Records to use section start

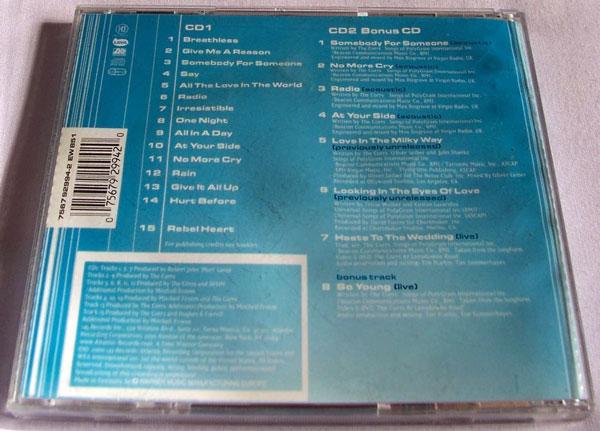 Image 2 of THE CORRS IN BLUE (SPECIAL EDITION) CD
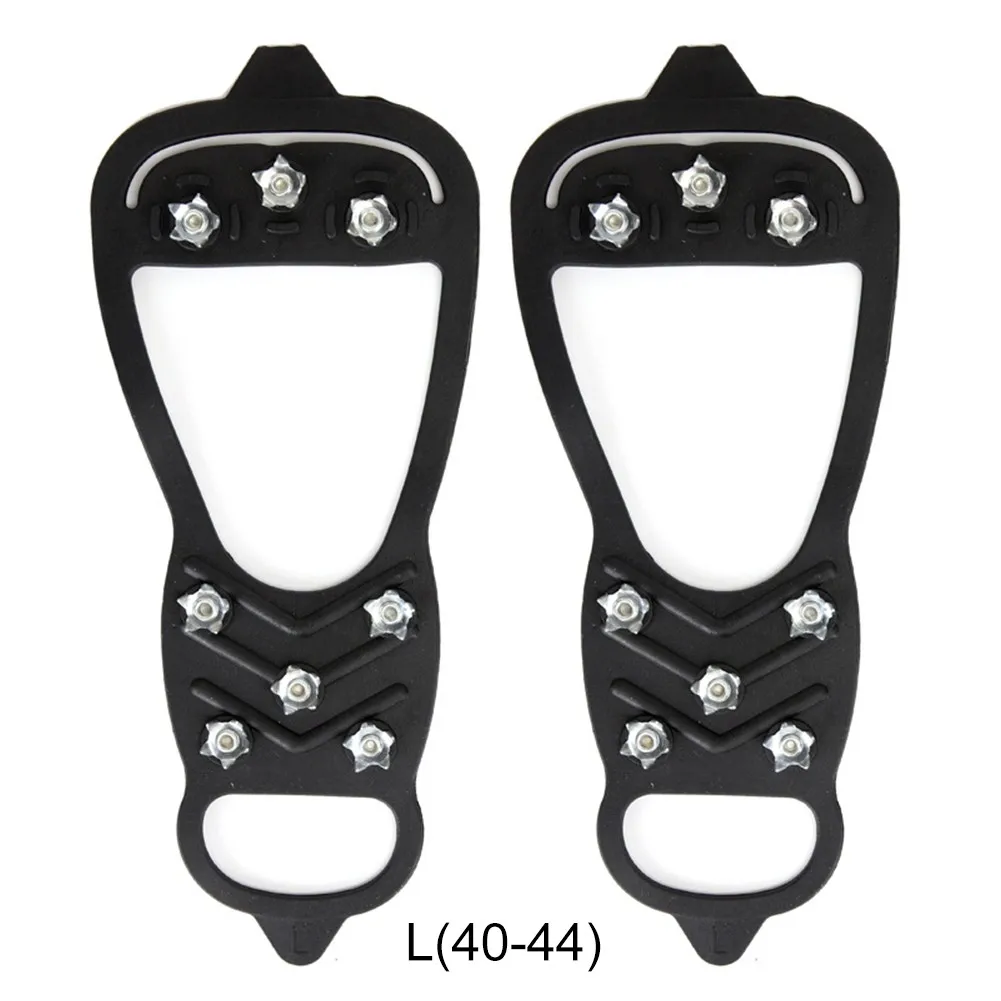 Fishing Tools 8 Studs Anti-Skid Snow Ice Climbing Shoe Spikes Ice Grips Cleats Crampons Covers Ski Climbing Rivet Shoes Parts
Fishing Tools 8 Studs Anti-Skid Snow Ice Climbing Shoe Spikes Ice Grips Cleats Crampons Covers Ski Climbing Rivet Shoes Parts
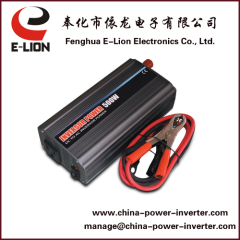 American socket output car power inverter 500W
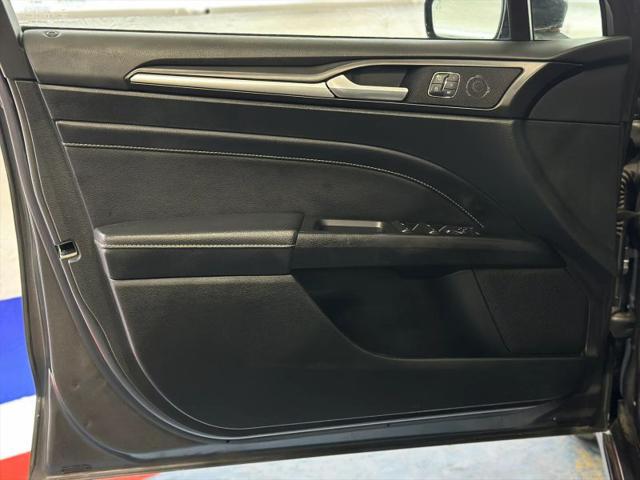 2017 Ford Fusion Titanium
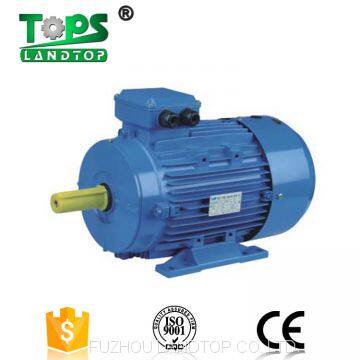 TOPS Aluminium Housing Three Phase Electric Induction Motor Good Price photo-4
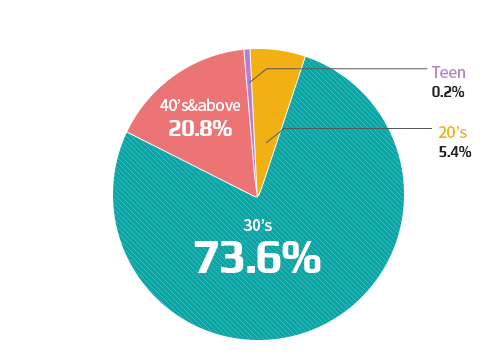 Visitors - Age Group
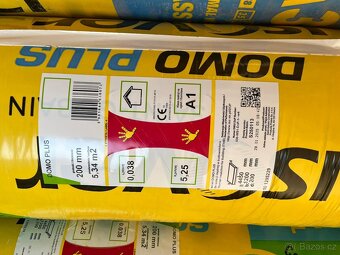 Tepelná izolace ISOVER DOMO PLUS 200 mm (5,34 m2/bal.) - 3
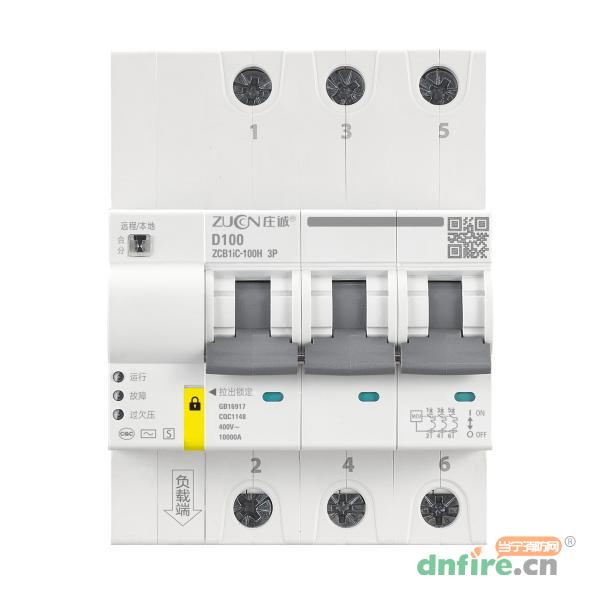 ZCB1iC-100H/3P物联网断路器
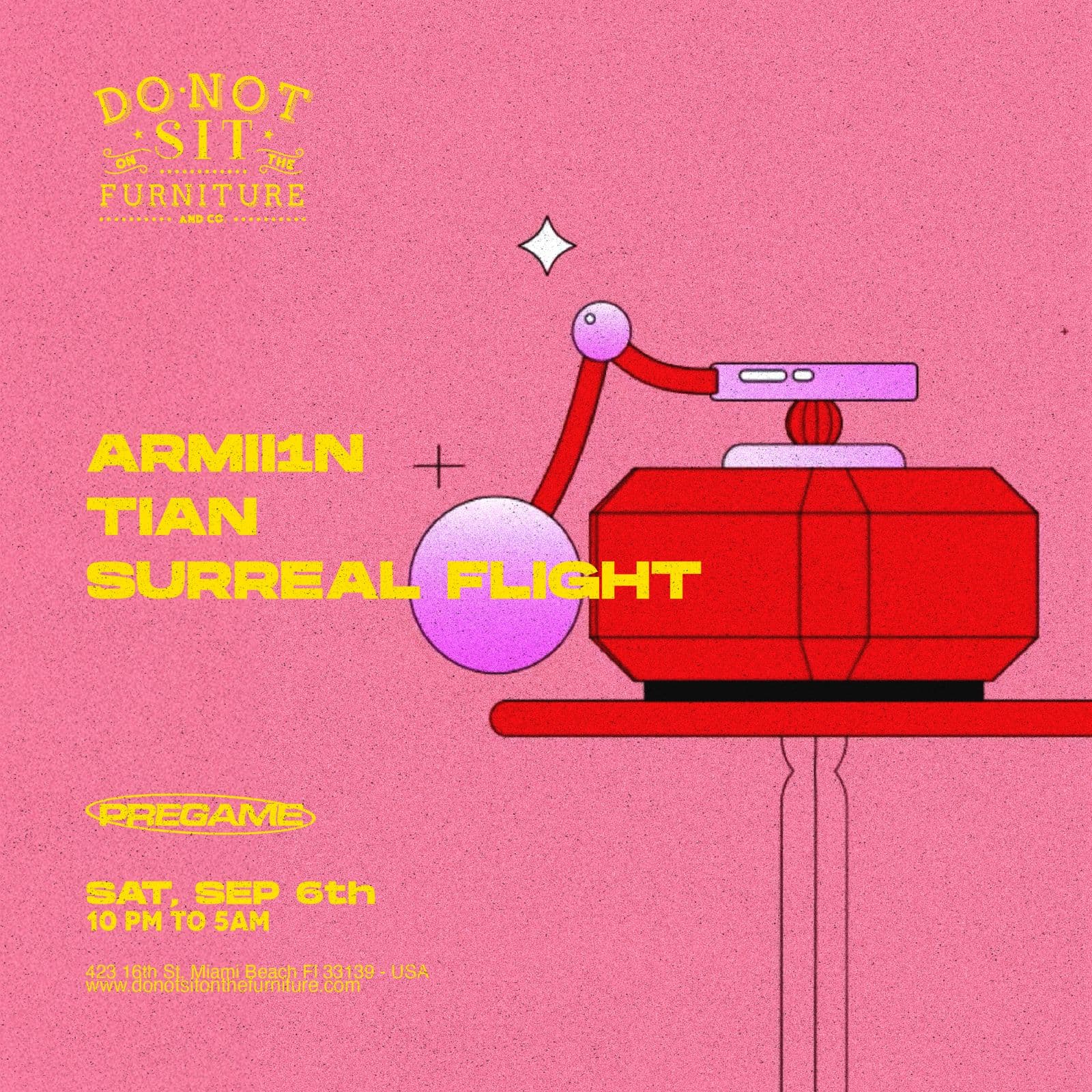 Armii1n + TIAN & SURREAL FLIGHT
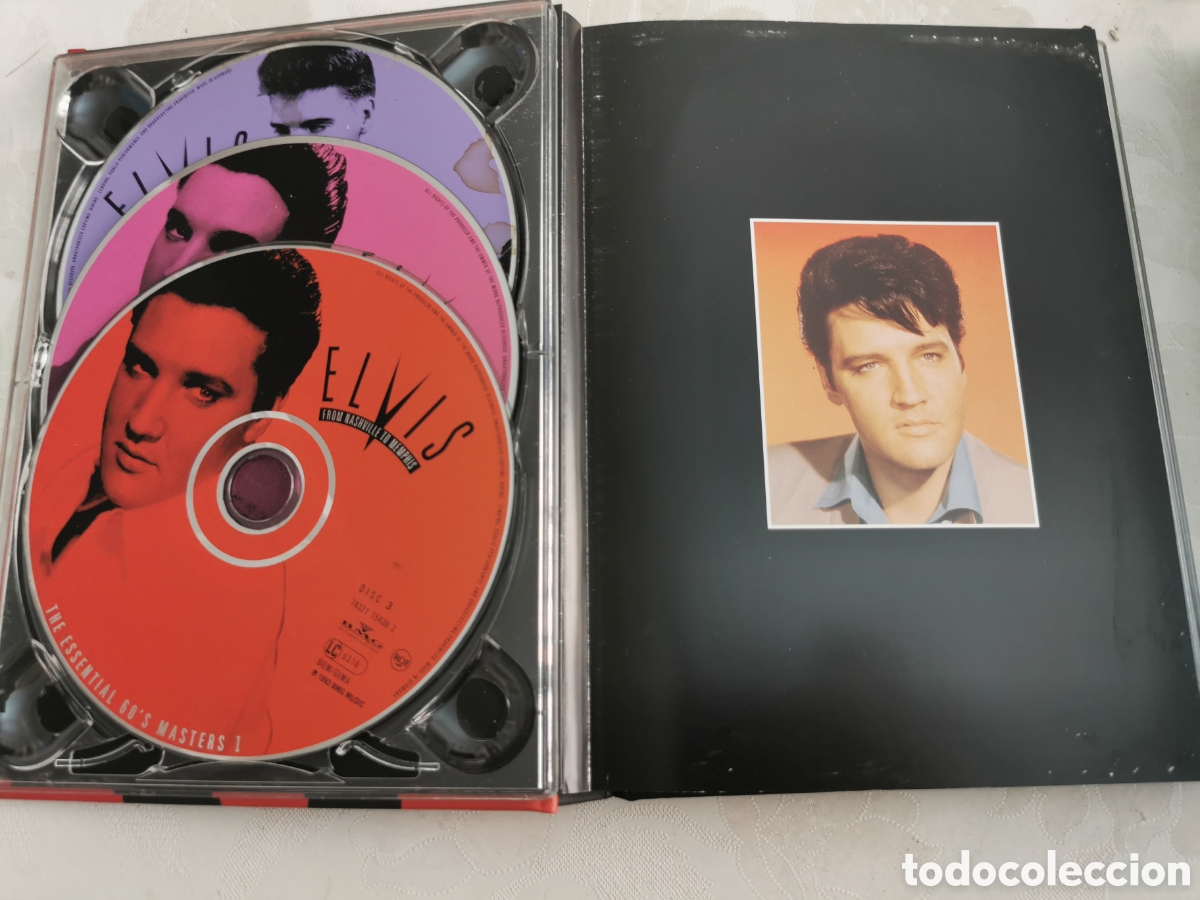 CDs de m&uacute;sica: Elvis Presley The essential 60s 5 CD - Foto 4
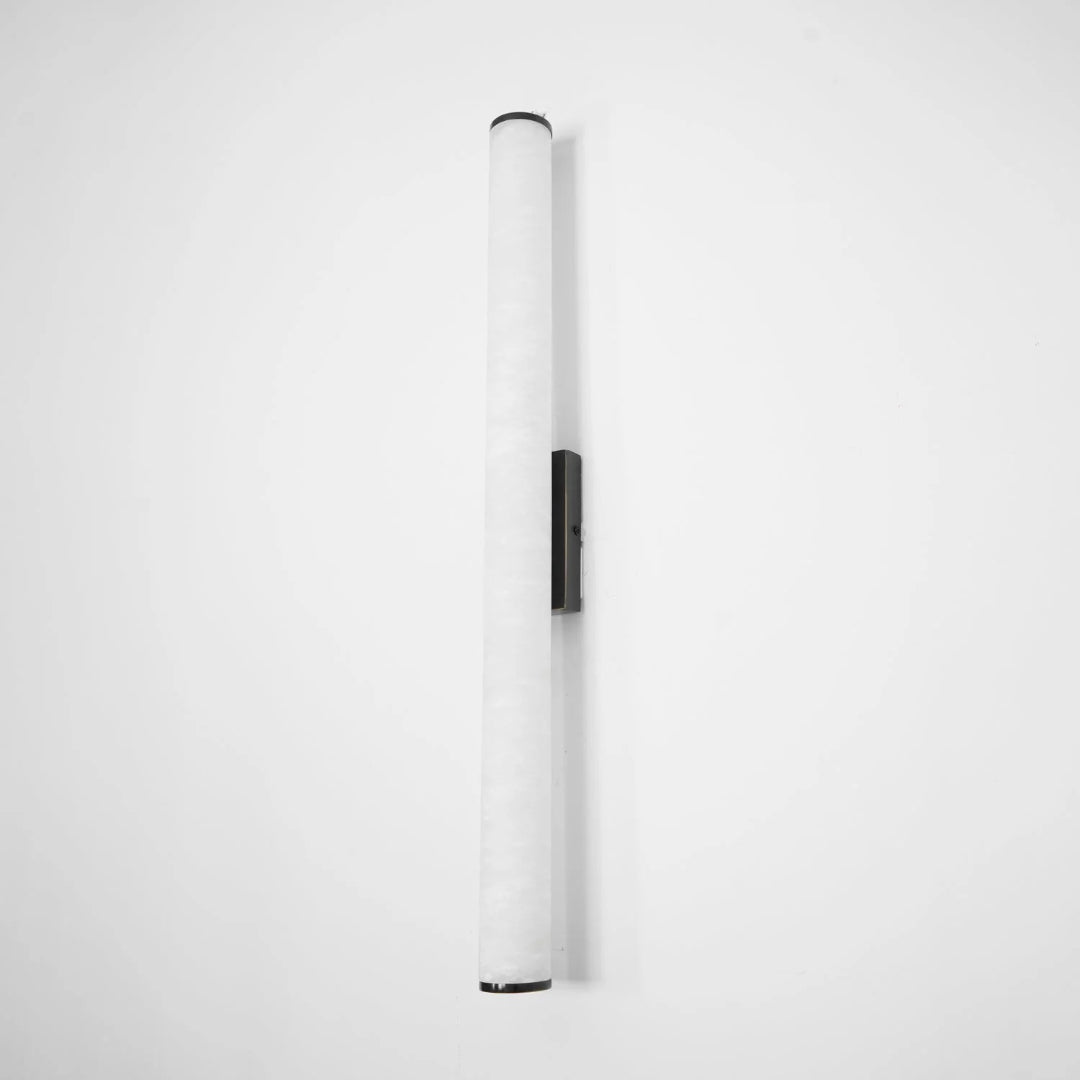 Verticale Marmeren Wandlamp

Records to use section end

[Description of the task] Precisely the lines from the one containing "American socket output" to the end of the data above, both included, should be printed; leave the pictures out.

[Answer to this problem]
 American socket output car power inverter 500W
 2017 Ford Fusion Titanium
 TOPS Aluminium Housing Three Phase Electric Induction Motor Good Price photo-4
 Visitors - Age Group
 Tepelná izolace ISOVER DOMO PLUS 200 mm (5,34 m2/bal.) - 3
 ZCB1iC-100H/3P物联网断路器
 Armii1n + TIAN & SURREAL FLIGHT
 CDs de m&uacute;sica: Elvis Presley The essential 60s 5 CD - Foto 4
 Verticale Marmeren Wandlamp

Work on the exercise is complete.